3. The method according to claim 1, before said receiving in real time the first audio/video stream sent by the first student terminal, further comprising:

transmitting the first identity information to the teacher terminal;

and acquiring the first identity information determined by the teacher terminal.

4. The method of claim 1, wherein prompting the first identity information in the first audio-video stream to generate a second audio-video stream comprises:

extracting a first frame image of each frame from the first audio and video stream;

acquiring corresponding first facial feature information from a facial feature information base based on the first identity information;

performing face recognition on the first frame image of each frame according to the first face feature information to acquire a first face area of each frame;

prompting the first identity information near a first face area of each frame of first frame image, and generating a second frame image;

And combining the second frame image based on a preset video format to generate a second audio/video stream.

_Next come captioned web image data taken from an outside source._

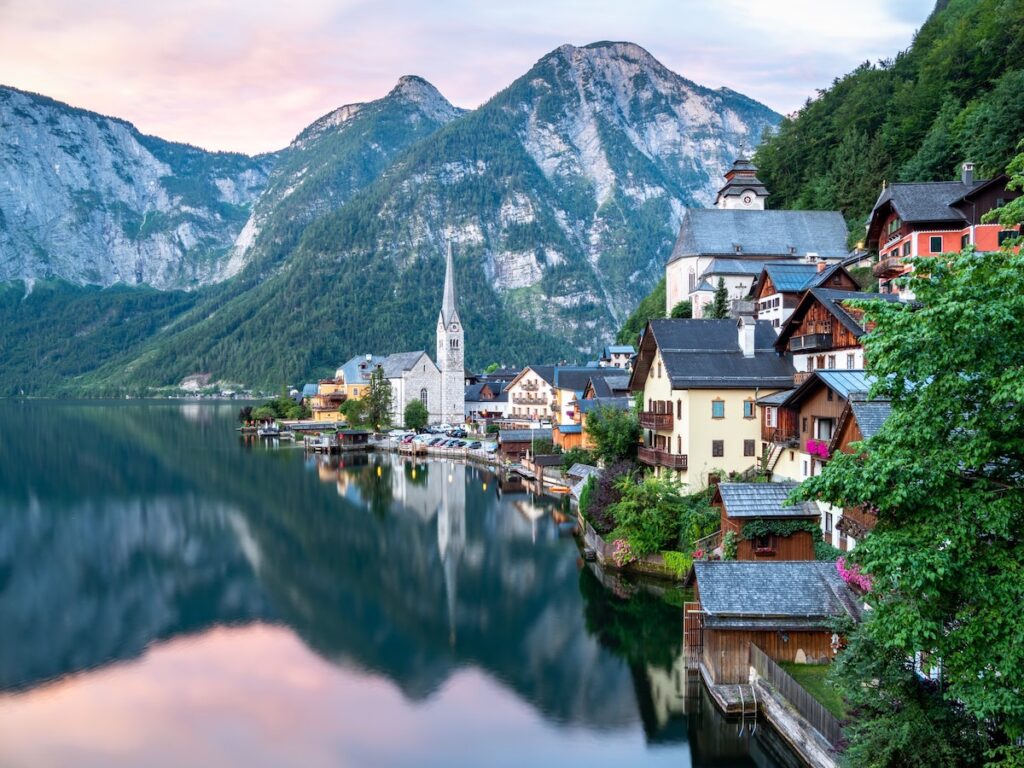 Austria coastline with buildings and mountains in the background.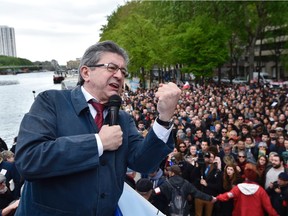 French presidential election candidate for the far-left coalition La France insoumise Jean-Luc Melenchon gives a speech aboard an "unbowed" barge, on April 17, 2017, in Paris, as part of campaign meetings along the Seine river.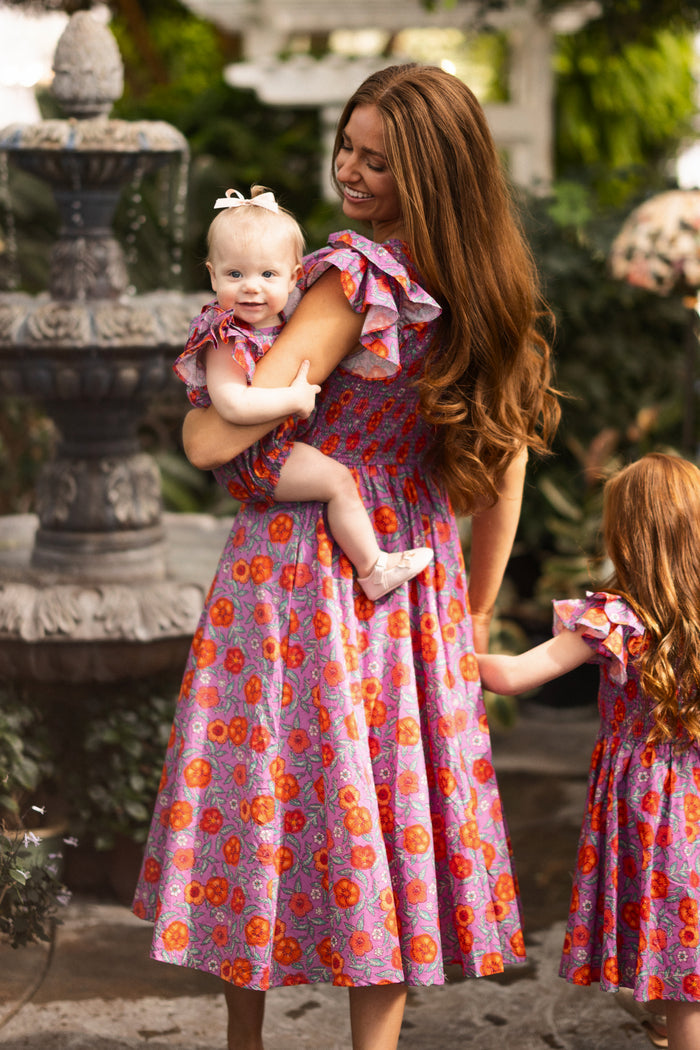 A woman with long brown hair holds a smiling baby girl wearing the Ivy City Co Baby Hattie Romper in Thistle Flower Poppy Woodblock; both match in orange floral dresses while another young girl in a similar dress stands by a stone fountain and greenery.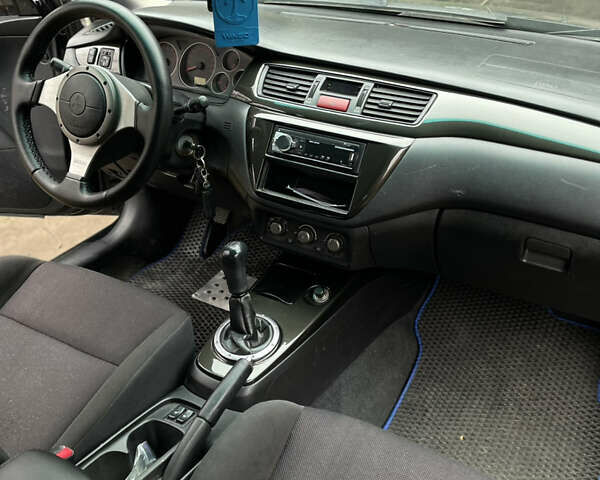 Чорний Міцубісі Lancer, об'ємом двигуна 2 л та пробігом 242 тис. км за 5900 $, фото 16 на Automoto.ua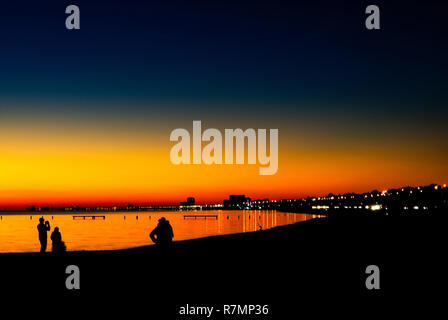 Les gens se rassemblent pour prendre des photos alors que le soleil se couche sur les casinos sur plage de Biloxi de Biloxi, Mississippi, le 24 novembre 2012. Banque D'Images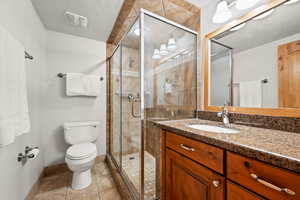 Full bathroom with tile patterned flooring, vanity, and a stall shower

5. The method of claim 4, wherein said prompting for said first identity information in the vicinity of a first facial region of a first frame image per frame and generating a second frame image further comprises:

the first face region is presented in each first frame image, and the first identity information is presented in the vicinity of the first face region, and a second frame image is generated.

6. The method of claim 1, further comprising:

and transmitting the second audio and video stream to a student terminal registered with the live broadcast teaching.

7. The method of claim 1, further comprising:

acquiring all second identity information registered for the live broadcast teaching;

transmitting the second identity information to the teacher terminal;

receiving third identity information determined by the teacher terminal from the second identity information;

and receiving a corresponding third audio-video stream in real time based on the third identity information, and transmitting the third audio-video stream to a teacher terminal and/or a student terminal which are registered for live teaching.

8. An apparatus for prompting a live teaching target, comprising:

9. A computer-readable storage medium, on which a computer program is stored, which program, when being executed by a processor, carries out the method according to any one of claims 1 to 7.

10. An electronic device, comprising:

one or more processors;

storage means for storing one or more programs which, when executed by the one or more processors, cause the one or more processors to carry out the method of any one of claims 1 to 7.